## Exercise
With pictures excluded, output exactly the lines that run from the first line of the data below through the line containing "1571 grams Druze".
+ + + + + + +
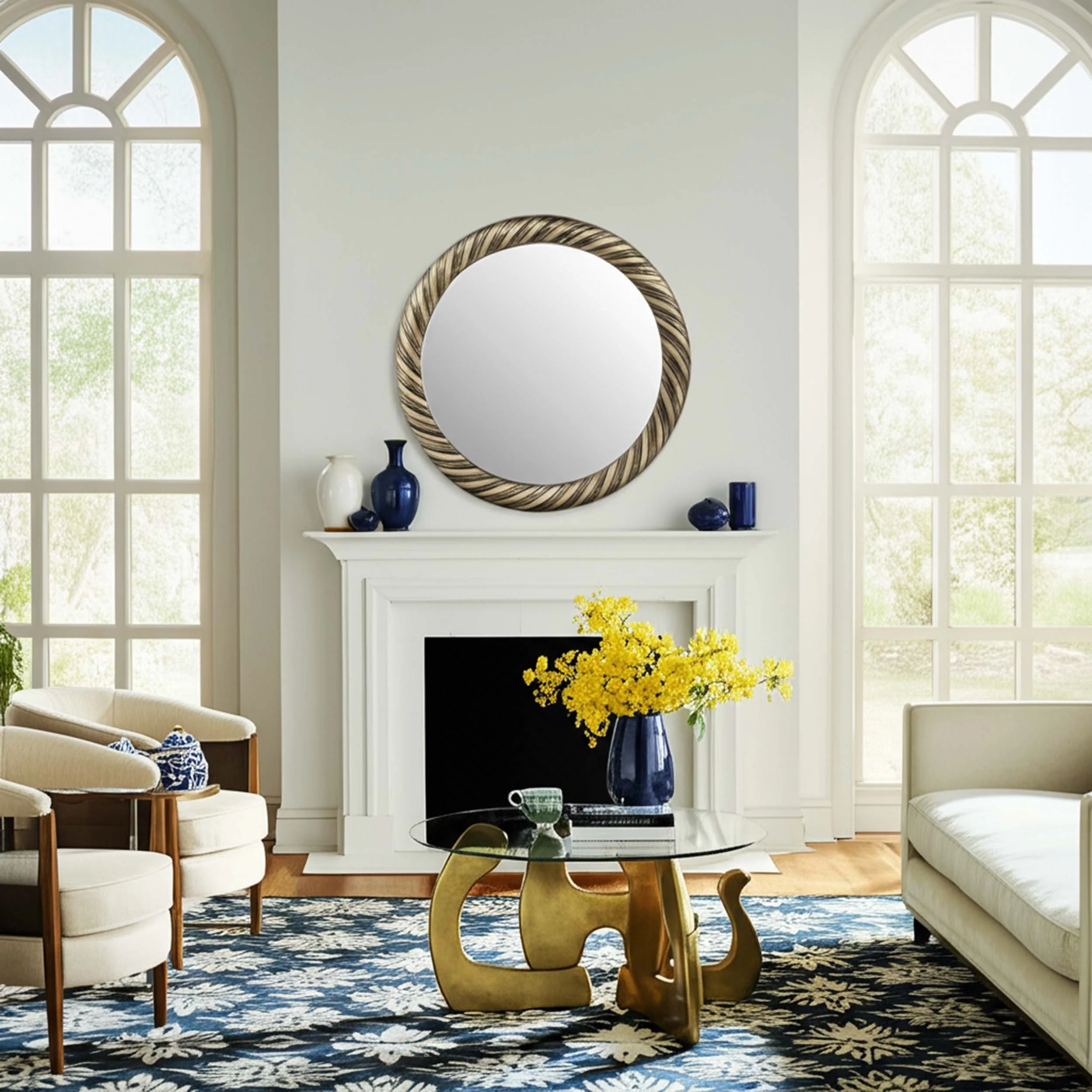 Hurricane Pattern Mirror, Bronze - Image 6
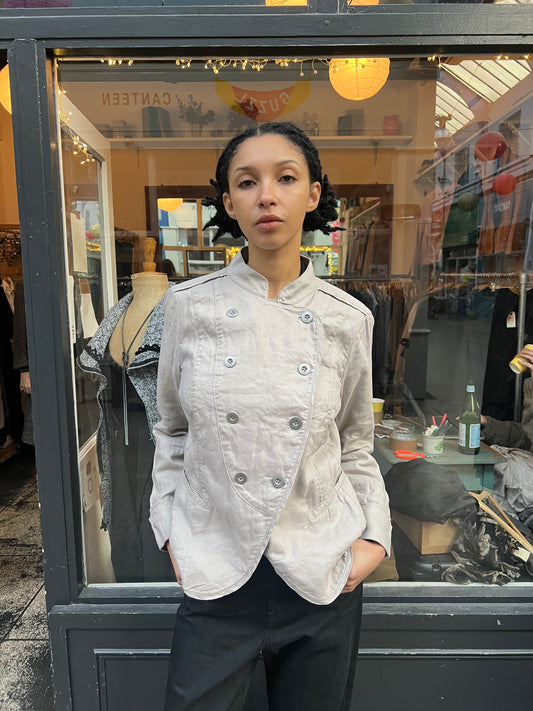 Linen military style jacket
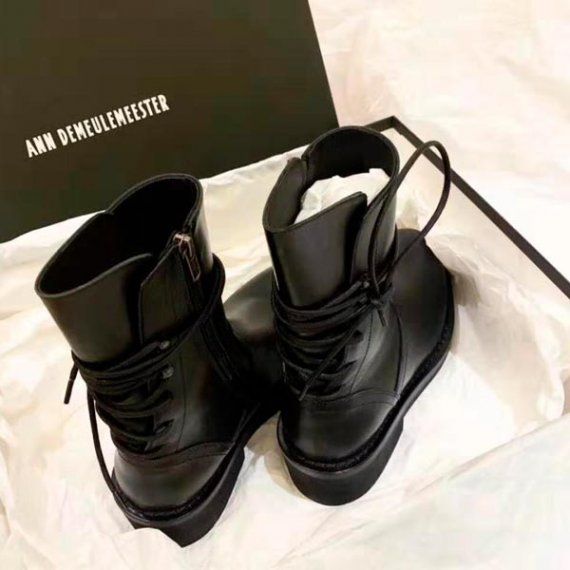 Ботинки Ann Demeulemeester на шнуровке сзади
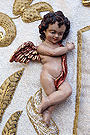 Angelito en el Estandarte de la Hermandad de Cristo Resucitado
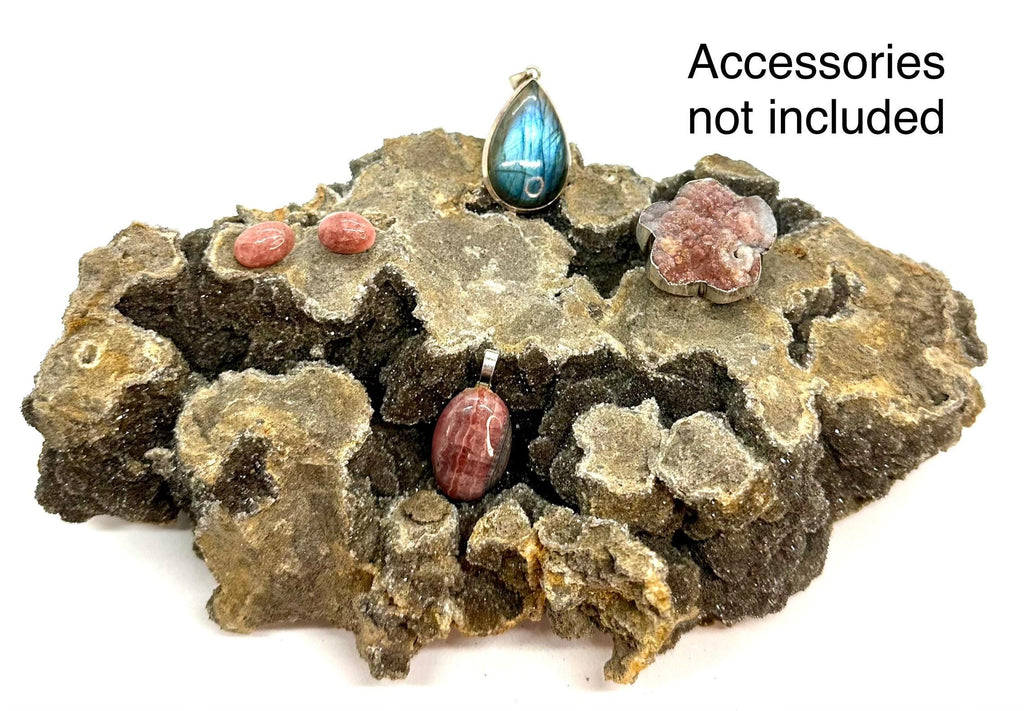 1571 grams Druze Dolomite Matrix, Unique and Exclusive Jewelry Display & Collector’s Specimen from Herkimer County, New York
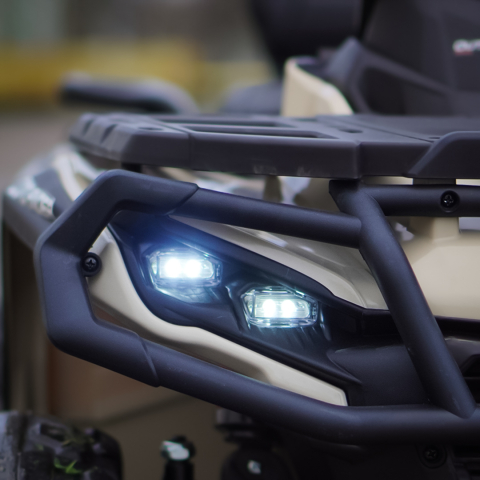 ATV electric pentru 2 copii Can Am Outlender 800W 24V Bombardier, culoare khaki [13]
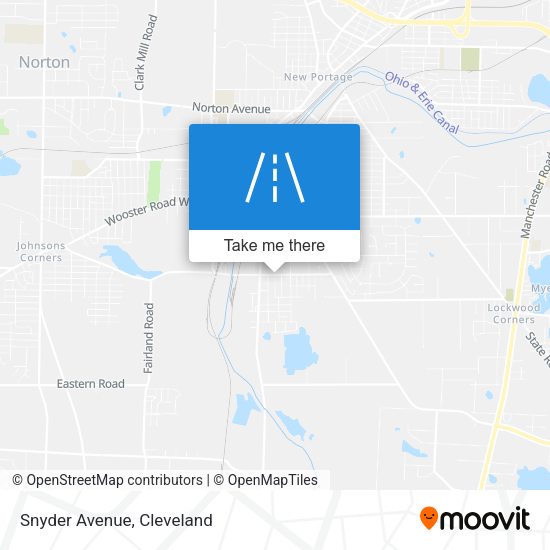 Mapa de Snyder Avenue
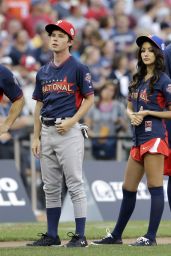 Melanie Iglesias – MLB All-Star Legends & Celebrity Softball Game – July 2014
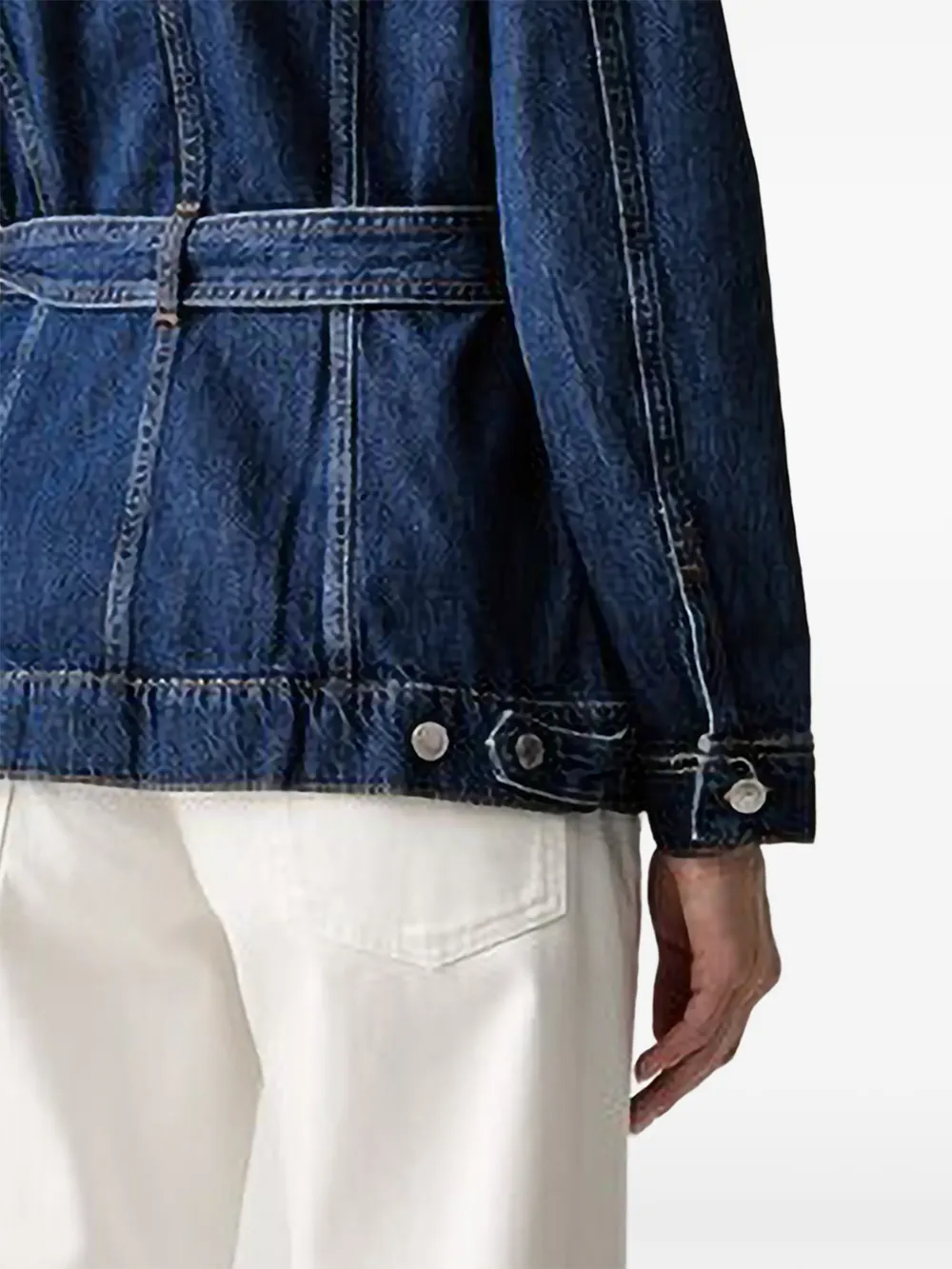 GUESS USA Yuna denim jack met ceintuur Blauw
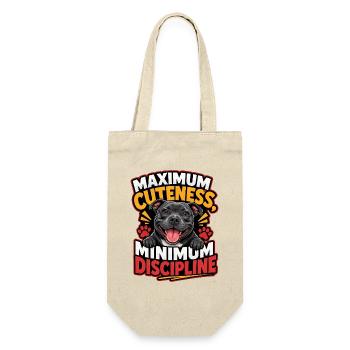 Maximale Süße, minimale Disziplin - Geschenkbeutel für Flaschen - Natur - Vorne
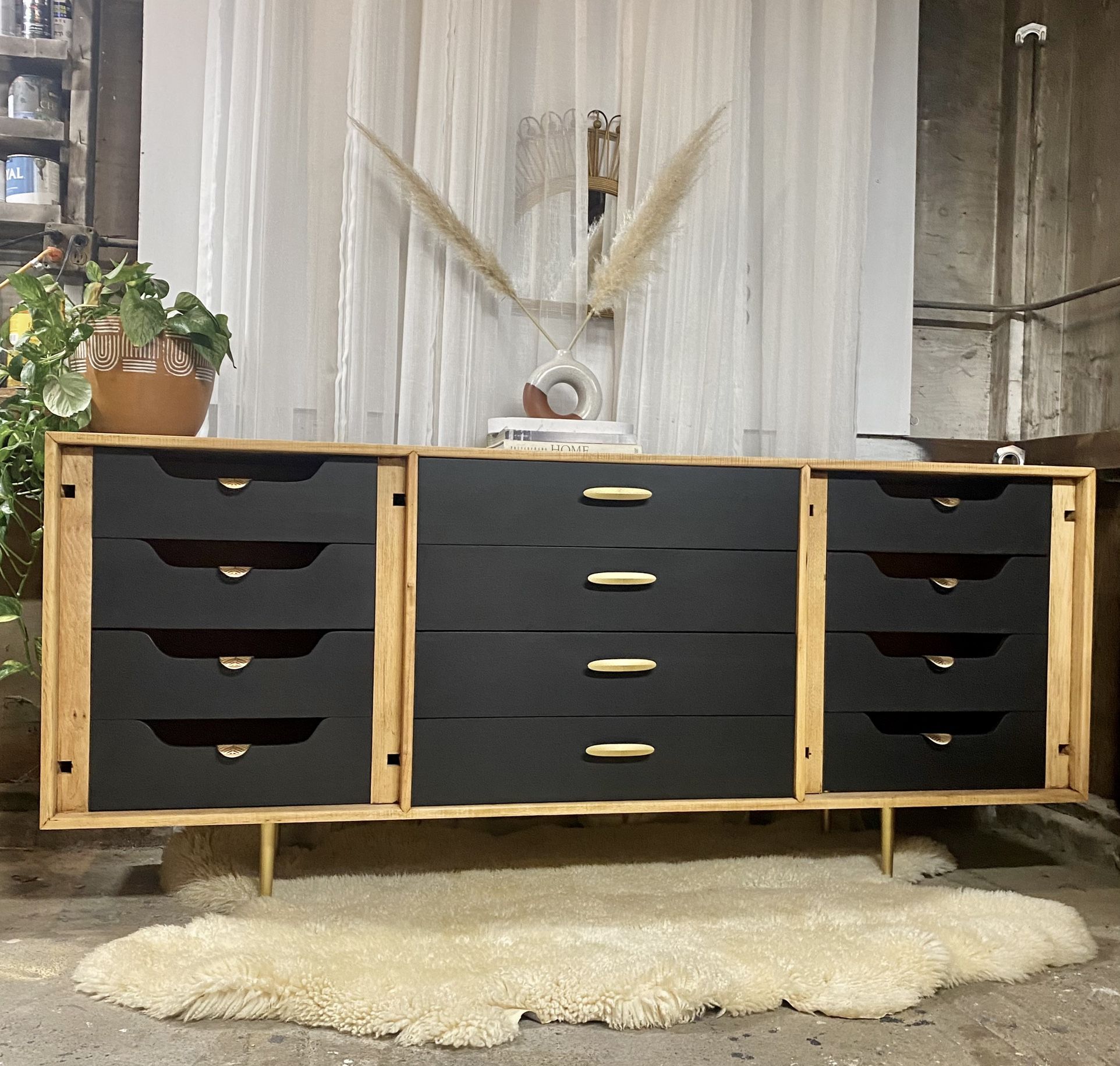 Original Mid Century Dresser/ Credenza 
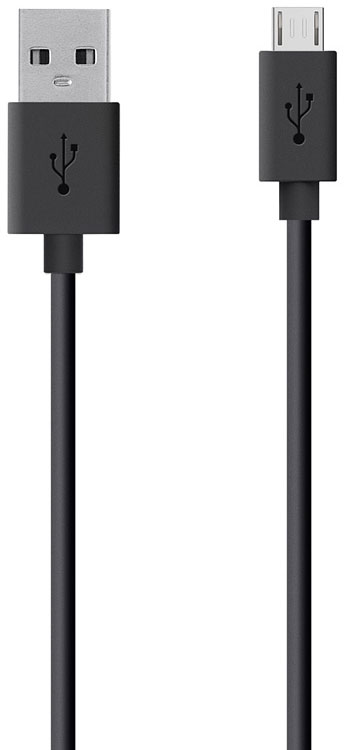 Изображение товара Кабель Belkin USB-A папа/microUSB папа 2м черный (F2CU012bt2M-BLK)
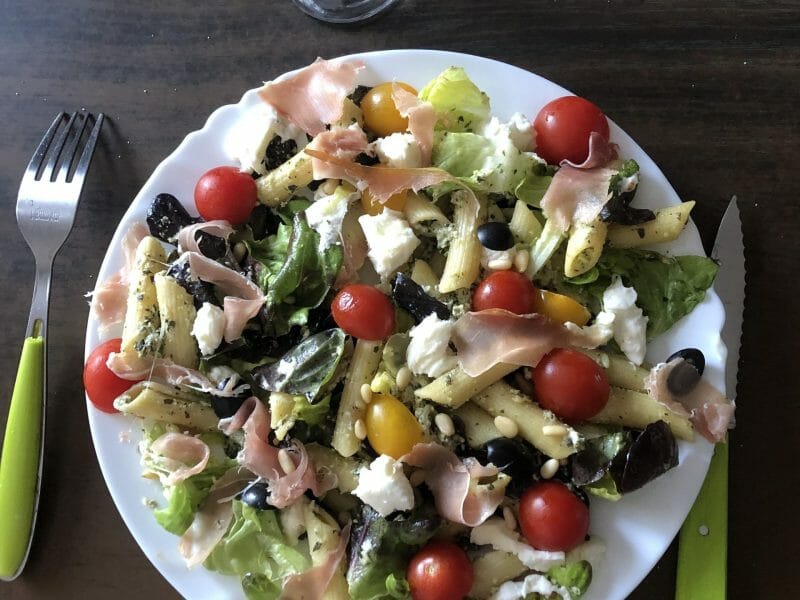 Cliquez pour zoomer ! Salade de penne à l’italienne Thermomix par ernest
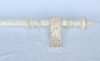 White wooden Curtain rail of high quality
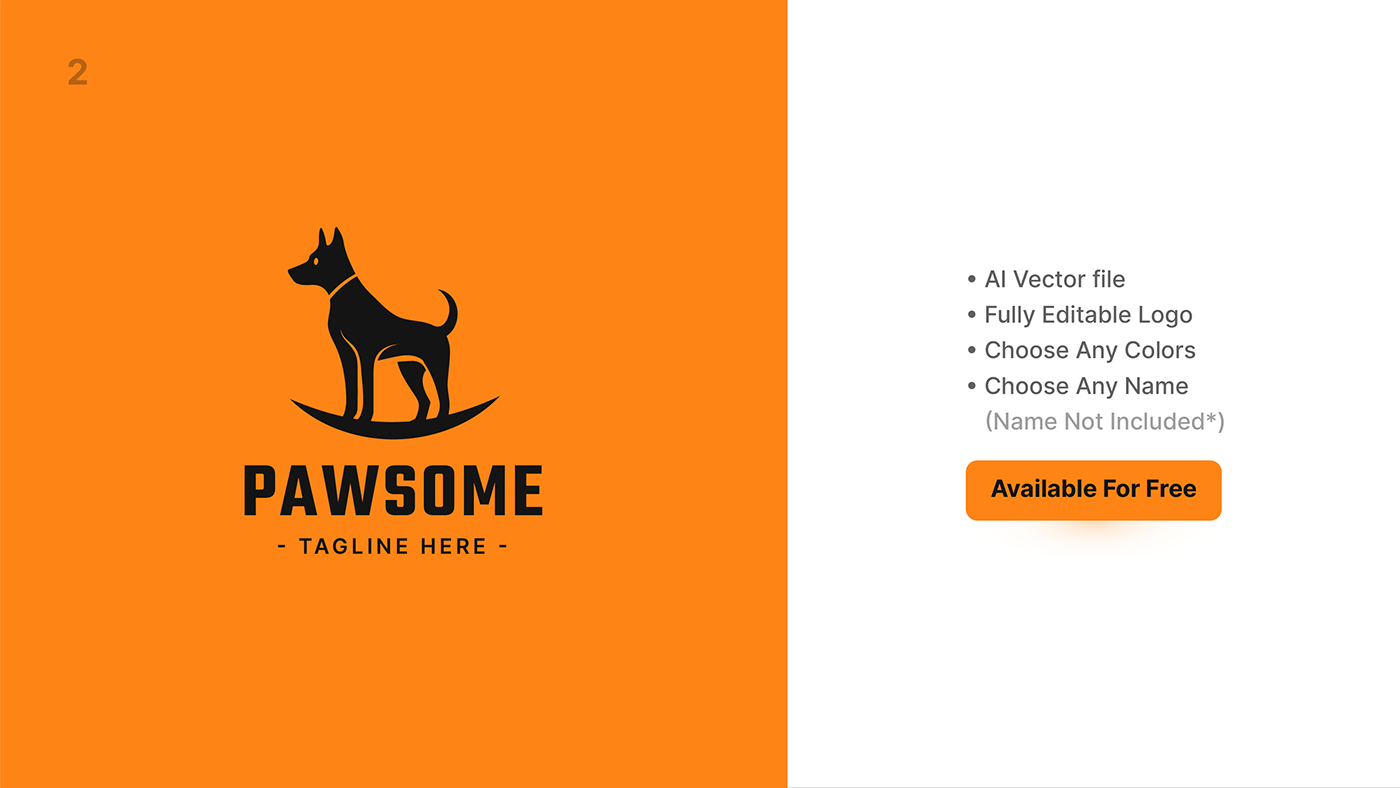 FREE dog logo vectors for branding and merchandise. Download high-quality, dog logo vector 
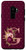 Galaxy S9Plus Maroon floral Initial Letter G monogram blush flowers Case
+ + + + + + +
## Answer section
 Hurricane Pattern Mirror, Bronze - Image 6
 Linen military style jacket
 Ботинки Ann Demeulemeester на шнуровке сзади
 Angelito en el Estandarte de la Hermandad de Cristo Resucitado
 1571 grams Druze Dolomite Matrix, Unique and Exclusive Jewelry Display & Collector’s Specimen from Herkimer County, New York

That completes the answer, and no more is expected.